Bible Principle 2:  Don’t wear yourself out or stress yourself out by working too much to accumulate possessions and wealth because those things will mean nothing at the end of your life.  The only thing that will matter is your love for the Lord and the people he placed in your life. (Proverbs 23:4)

Bible Principle 3:  Take a step of faith and cheerfully give some of your money back to the work of the Lord because He promises to reward those who trust Him by doing so!  (Malachi 3:10).  I’ve done this faithfully for several decades whether I felt like I had the money to give or not.  The Lord has always provided for me, sometimes in strange and unusual ways!

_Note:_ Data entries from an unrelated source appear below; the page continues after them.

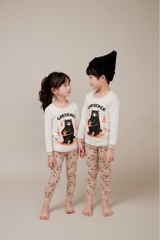 Bộ pijama dài Olomimi bé trai/bé gái Bear Gardener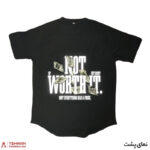 تیشرت لانگ طرح شیر not-worthit - Image 4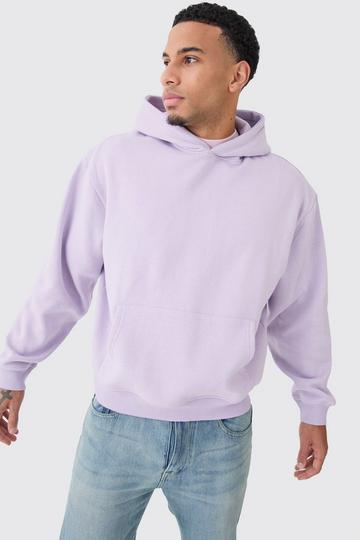 Oversized Boxy Over The Head Hoodie lilac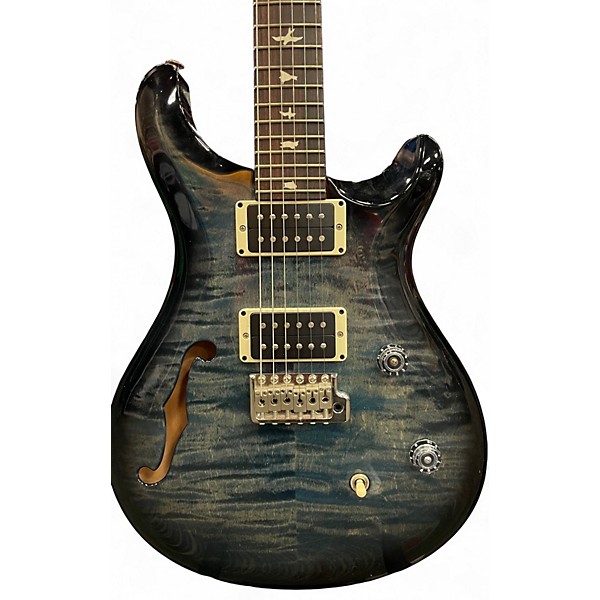 Used PRS CE24 Semi-Hollow Blue Smokeburst Hollow Body Electric Guitar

One way to rid stress from your home

Is there a lot of tension in your home?  Are you or your husband stressed much of the time?  There’s likely an imbalance in one or both of your lives!  I know that was sometimes the case for me and my husband Raul over the years.  In our situation, we got so bent on running ministries, counseling others, and helping take care of grandchildren that there was little to no time at all for us to simply relax and get filled back up.  God didn’t intend for us to be so “driven” that we became grouchy, irritable, cantankerous people!

On the other hand, Satan wants you to be so busy that you become stressed, pay no attention to nurturing your marriage or yourself, and then both you and your marriage slowly wither and die.  But Jesus says He wants us to enjoy life to the full!  Meditate on what Jesus says in John 10:10 “The thief comes only to steal, kill and destroy; I have come that they may have life and have it to the full”.

All work and no play is a formula for disaster.  We need to intentionally carve out some “down time” for rest, recreation and fun.  When my husband and I could feel the stress mounting, we would choose to get away for a day or a weekend.  We relaxed, and it was rejuvenating!  Our stress level decreased.   My goodness, even Jesus needed to get away from the stress of his work to spend quiet time alone.  Luke 5:16 says Jesus “often withdrew to desolate places and prayed”   Is there an adjustment you need to make in your schedule or a weekend get-away that you need to plan for you and your husband?